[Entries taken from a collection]
Segment Open

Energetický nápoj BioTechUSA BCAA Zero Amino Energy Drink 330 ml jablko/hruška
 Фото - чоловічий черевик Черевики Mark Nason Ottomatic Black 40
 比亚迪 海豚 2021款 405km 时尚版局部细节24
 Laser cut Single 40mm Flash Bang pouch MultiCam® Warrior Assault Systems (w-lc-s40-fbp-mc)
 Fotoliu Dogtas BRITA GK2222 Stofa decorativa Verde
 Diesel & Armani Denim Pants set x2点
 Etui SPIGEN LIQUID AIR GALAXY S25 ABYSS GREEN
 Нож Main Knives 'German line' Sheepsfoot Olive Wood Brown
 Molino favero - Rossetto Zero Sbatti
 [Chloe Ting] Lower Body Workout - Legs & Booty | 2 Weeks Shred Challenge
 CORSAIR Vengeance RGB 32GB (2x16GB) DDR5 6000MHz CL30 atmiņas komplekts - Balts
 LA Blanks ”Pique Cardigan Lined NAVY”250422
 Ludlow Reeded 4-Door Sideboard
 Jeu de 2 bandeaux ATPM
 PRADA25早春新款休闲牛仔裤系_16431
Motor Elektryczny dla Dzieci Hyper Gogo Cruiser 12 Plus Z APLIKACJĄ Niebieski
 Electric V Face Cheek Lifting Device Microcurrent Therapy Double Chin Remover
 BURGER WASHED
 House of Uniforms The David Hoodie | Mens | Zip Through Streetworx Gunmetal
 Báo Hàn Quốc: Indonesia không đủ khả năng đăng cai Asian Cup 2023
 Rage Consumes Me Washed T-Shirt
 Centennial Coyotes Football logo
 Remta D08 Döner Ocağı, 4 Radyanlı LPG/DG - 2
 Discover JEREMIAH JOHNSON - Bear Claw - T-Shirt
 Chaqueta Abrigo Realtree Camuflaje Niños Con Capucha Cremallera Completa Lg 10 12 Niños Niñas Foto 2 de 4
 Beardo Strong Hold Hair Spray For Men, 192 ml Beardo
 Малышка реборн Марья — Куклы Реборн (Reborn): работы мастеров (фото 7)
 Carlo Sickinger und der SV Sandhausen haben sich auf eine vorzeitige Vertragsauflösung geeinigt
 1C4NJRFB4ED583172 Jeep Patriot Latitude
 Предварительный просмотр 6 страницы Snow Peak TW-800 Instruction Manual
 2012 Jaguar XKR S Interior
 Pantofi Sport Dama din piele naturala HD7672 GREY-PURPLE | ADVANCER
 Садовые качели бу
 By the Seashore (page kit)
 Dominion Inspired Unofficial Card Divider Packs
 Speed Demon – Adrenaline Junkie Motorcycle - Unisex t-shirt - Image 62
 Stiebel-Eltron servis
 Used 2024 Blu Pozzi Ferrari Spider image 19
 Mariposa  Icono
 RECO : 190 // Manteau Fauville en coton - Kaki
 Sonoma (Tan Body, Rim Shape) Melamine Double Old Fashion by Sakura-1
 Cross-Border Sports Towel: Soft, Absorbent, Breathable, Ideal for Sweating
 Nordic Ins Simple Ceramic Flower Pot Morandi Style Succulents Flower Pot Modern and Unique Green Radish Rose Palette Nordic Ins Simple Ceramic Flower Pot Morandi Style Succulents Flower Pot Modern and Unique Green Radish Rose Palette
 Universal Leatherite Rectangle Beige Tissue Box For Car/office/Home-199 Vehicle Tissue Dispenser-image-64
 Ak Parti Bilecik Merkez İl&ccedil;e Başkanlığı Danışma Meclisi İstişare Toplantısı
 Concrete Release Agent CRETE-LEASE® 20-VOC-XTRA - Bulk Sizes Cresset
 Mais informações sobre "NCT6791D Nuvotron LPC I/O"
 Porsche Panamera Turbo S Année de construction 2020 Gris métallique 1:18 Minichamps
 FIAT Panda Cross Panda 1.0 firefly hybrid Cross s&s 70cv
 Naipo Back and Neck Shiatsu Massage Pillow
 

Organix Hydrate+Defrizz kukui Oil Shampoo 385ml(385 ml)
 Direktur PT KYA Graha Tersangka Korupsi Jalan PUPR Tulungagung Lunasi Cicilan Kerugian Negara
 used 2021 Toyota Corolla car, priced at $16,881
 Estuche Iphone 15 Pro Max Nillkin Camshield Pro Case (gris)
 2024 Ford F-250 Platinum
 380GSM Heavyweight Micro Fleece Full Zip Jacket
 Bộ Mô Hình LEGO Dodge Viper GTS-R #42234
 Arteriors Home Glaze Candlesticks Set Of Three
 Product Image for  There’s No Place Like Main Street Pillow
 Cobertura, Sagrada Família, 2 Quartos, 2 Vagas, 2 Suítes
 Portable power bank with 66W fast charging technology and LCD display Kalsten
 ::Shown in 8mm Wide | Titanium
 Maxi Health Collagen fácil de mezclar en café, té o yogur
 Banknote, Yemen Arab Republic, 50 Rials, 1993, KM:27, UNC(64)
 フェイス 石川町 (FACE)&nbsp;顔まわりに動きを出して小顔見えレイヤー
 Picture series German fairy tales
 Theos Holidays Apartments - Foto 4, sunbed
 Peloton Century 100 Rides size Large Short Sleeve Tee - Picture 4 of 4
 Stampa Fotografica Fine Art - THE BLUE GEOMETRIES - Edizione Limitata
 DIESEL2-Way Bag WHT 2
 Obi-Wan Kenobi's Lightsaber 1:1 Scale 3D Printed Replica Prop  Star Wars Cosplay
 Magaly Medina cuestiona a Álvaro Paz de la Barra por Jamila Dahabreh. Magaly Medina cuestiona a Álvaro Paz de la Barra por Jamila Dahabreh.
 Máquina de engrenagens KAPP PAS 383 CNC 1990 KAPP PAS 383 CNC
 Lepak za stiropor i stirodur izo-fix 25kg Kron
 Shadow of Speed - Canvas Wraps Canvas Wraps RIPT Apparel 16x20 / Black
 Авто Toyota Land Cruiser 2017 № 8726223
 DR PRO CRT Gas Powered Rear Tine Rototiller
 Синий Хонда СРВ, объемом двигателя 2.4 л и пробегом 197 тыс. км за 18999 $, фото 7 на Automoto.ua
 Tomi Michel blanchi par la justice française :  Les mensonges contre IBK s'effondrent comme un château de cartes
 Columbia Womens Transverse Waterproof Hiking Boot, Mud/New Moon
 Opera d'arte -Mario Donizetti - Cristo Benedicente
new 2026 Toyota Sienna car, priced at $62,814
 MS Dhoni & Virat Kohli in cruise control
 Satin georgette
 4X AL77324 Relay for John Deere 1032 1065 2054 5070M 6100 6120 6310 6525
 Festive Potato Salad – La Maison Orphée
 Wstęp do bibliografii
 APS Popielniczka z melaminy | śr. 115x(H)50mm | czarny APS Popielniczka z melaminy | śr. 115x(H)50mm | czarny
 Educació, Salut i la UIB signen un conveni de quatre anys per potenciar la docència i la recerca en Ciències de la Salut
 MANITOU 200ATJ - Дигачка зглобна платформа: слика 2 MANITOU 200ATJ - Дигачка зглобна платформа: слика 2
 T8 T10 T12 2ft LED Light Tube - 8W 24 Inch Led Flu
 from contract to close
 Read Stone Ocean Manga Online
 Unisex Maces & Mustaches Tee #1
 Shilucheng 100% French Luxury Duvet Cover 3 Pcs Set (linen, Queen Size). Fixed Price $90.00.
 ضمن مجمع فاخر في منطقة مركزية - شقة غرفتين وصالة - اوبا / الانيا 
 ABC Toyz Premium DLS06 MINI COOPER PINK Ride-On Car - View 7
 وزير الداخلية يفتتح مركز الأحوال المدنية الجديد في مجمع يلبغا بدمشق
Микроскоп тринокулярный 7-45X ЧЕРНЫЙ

Segment Closed

INSTRUCTIONS FOR THE TASK –
Repeat every record above exactly as it appears.

EXERCISE OUTPUT –
Energetický nápoj BioTechUSA BCAA Zero Amino Energy Drink 330 ml jablko/hruška
 Фото - чоловічий черевик Черевики Mark Nason Ottomatic Black 40
 比亚迪 海豚 2021款 405km 时尚版局部细节24
 Laser cut Single 40mm Flash Bang pouch MultiCam® Warrior Assault Systems (w-lc-s40-fbp-mc)
 Fotoliu Dogtas BRITA GK2222 Stofa decorativa Verde
 Diesel & Armani Denim Pants set x2点
 Etui SPIGEN LIQUID AIR GALAXY S25 ABYSS GREEN
 Нож Main Knives 'German line' Sheepsfoot Olive Wood Brown
 Molino favero - Rossetto Zero Sbatti
 [Chloe Ting] Lower Body Workout - Legs & Booty | 2 Weeks Shred Challenge
 CORSAIR Vengeance RGB 32GB (2x16GB) DDR5 6000MHz CL30 atmiņas komplekts - Balts
 LA Blanks ”Pique Cardigan Lined NAVY”250422
 Ludlow Reeded 4-Door Sideboard
 Jeu de 2 bandeaux ATPM
 PRADA25早春新款休闲牛仔裤系_16431
Motor Elektryczny dla Dzieci Hyper Gogo Cruiser 12 Plus Z APLIKACJĄ Niebieski
 Electric V Face Cheek Lifting Device Microcurrent Therapy Double Chin Remover
 BURGER WASHED
 House of Uniforms The David Hoodie | Mens | Zip Through Streetworx Gunmetal
 Báo Hàn Quốc: Indonesia không đủ khả năng đăng cai Asian Cup 2023
 Rage Consumes Me Washed T-Shirt
 Centennial Coyotes Football logo
 Remta D08 Döner Ocağı, 4 Radyanlı LPG/DG - 2
 Discover JEREMIAH JOHNSON - Bear Claw - T-Shirt
 Chaqueta Abrigo Realtree Camuflaje Niños Con Capucha Cremallera Completa Lg 10 12 Niños Niñas Foto 2 de 4
 Beardo Strong Hold Hair Spray For Men, 192 ml Beardo
 Малышка реборн Марья — Куклы Реборн (Reborn): работы мастеров (фото 7)
 Carlo Sickinger und der SV Sandhausen haben sich auf eine vorzeitige Vertragsauflösung geeinigt
 1C4NJRFB4ED583172 Jeep Patriot Latitude
 Предварительный просмотр 6 страницы Snow Peak TW-800 Instruction Manual
 2012 Jaguar XKR S Interior
 Pantofi Sport Dama din piele naturala HD7672 GREY-PURPLE | ADVANCER
 Садовые качели бу
 By the Seashore (page kit)
 Dominion Inspired Unofficial Card Divider Packs
 Speed Demon – Adrenaline Junkie Motorcycle - Unisex t-shirt - Image 62
 Stiebel-Eltron servis
 Used 2024 Blu Pozzi Ferrari Spider image 19
 Mariposa  Icono
 RECO : 190 // Manteau Fauville en coton - Kaki
 Sonoma (Tan Body, Rim Shape) Melamine Double Old Fashion by Sakura-1
 Cross-Border Sports Towel: Soft, Absorbent, Breathable, Ideal for Sweating
 Nordic Ins Simple Ceramic Flower Pot Morandi Style Succulents Flower Pot Modern and Unique Green Radish Rose Palette Nordic Ins Simple Ceramic Flower Pot Morandi Style Succulents Flower Pot Modern and Unique Green Radish Rose Palette
 Universal Leatherite Rectangle Beige Tissue Box For Car/office/Home-199 Vehicle Tissue Dispenser-image-64
 Ak Parti Bilecik Merkez İl&ccedil;e Başkanlığı Danışma Meclisi İstişare Toplantısı
 Concrete Release Agent CRETE-LEASE® 20-VOC-XTRA - Bulk Sizes Cresset
 Mais informações sobre "NCT6791D Nuvotron LPC I/O"
 Porsche Panamera Turbo S Année de construction 2020 Gris métallique 1:18 Minichamps
 FIAT Panda Cross Panda 1.0 firefly hybrid Cross s&s 70cv
 Naipo Back and Neck Shiatsu Massage Pillow
 

Organix Hydrate+Defrizz kukui Oil Shampoo 385ml(385 ml)
 Direktur PT KYA Graha Tersangka Korupsi Jalan PUPR Tulungagung Lunasi Cicilan Kerugian Negara
 used 2021 Toyota Corolla car, priced at $16,881
 Estuche Iphone 15 Pro Max Nillkin Camshield Pro Case (gris)
 2024 Ford F-250 Platinum
 380GSM Heavyweight Micro Fleece Full Zip Jacket
 Bộ Mô Hình LEGO Dodge Viper GTS-R #42234
 Arteriors Home Glaze Candlesticks Set Of Three
 Product Image for  There’s No Place Like Main Street Pillow
 Cobertura, Sagrada Família, 2 Quartos, 2 Vagas, 2 Suítes
 Portable power bank with 66W fast charging technology and LCD display Kalsten
 ::Shown in 8mm Wide | Titanium
 Maxi Health Collagen fácil de mezclar en café, té o yogur
 Banknote, Yemen Arab Republic, 50 Rials, 1993, KM:27, UNC(64)
 フェイス 石川町 (FACE)&nbsp;顔まわりに動きを出して小顔見えレイヤー
 Picture series German fairy tales
 Theos Holidays Apartments - Foto 4, sunbed
 Peloton Century 100 Rides size Large Short Sleeve Tee - Picture 4 of 4
 Stampa Fotografica Fine Art - THE BLUE GEOMETRIES - Edizione Limitata
 DIESEL2-Way Bag WHT 2
 Obi-Wan Kenobi's Lightsaber 1:1 Scale 3D Printed Replica Prop  Star Wars Cosplay
 Magaly Medina cuestiona a Álvaro Paz de la Barra por Jamila Dahabreh. Magaly Medina cuestiona a Álvaro Paz de la Barra por Jamila Dahabreh.
 Máquina de engrenagens KAPP PAS 383 CNC 1990 KAPP PAS 383 CNC
 Lepak za stiropor i stirodur izo-fix 25kg Kron
 Shadow of Speed - Canvas Wraps Canvas Wraps RIPT Apparel 16x20 / Black
 Авто Toyota Land Cruiser 2017 № 8726223
 DR PRO CRT Gas Powered Rear Tine Rototiller
 Синий Хонда СРВ, объемом двигателя 2.4 л и пробегом 197 тыс. км за 18999 $, фото 7 на Automoto.ua
 Tomi Michel blanchi par la justice française :  Les mensonges contre IBK s'effondrent comme un château de cartes
 Columbia Womens Transverse Waterproof Hiking Boot, Mud/New Moon
 Opera d'arte -Mario Donizetti - Cristo Benedicente
new 2026 Toyota Sienna car, priced at $62,814
 MS Dhoni & Virat Kohli in cruise control
 Satin georgette
 4X AL77324 Relay for John Deere 1032 1065 2054 5070M 6100 6120 6310 6525
 Festive Potato Salad – La Maison Orphée
 Wstęp do bibliografii
 APS Popielniczka z melaminy | śr. 115x(H)50mm | czarny APS Popielniczka z melaminy | śr. 115x(H)50mm | czarny
 Educació, Salut i la UIB signen un conveni de quatre anys per potenciar la docència i la recerca en Ciències de la Salut
 MANITOU 200ATJ - Дигачка зглобна платформа: слика 2 MANITOU 200ATJ - Дигачка зглобна платформа: слика 2
 T8 T10 T12 2ft LED Light Tube - 8W 24 Inch Led Flu
 from contract to close
 Read Stone Ocean Manga Online
 Unisex Maces & Mustaches Tee #1
 Shilucheng 100% French Luxury Duvet Cover 3 Pcs Set (linen, Queen Size). Fixed Price $90.00.
 ضمن مجمع فاخر في منطقة مركزية - شقة غرفتين وصالة - اوبا / الانيا 
 ABC Toyz Premium DLS06 MINI COOPER PINK Ride-On Car - View 7
 وزير الداخلية يفتتح مركز الأحوال المدنية الجديد في مجمع يلبغا بدمشق
Микроскоп тринокулярный 7-45X ЧЕРНЫЙ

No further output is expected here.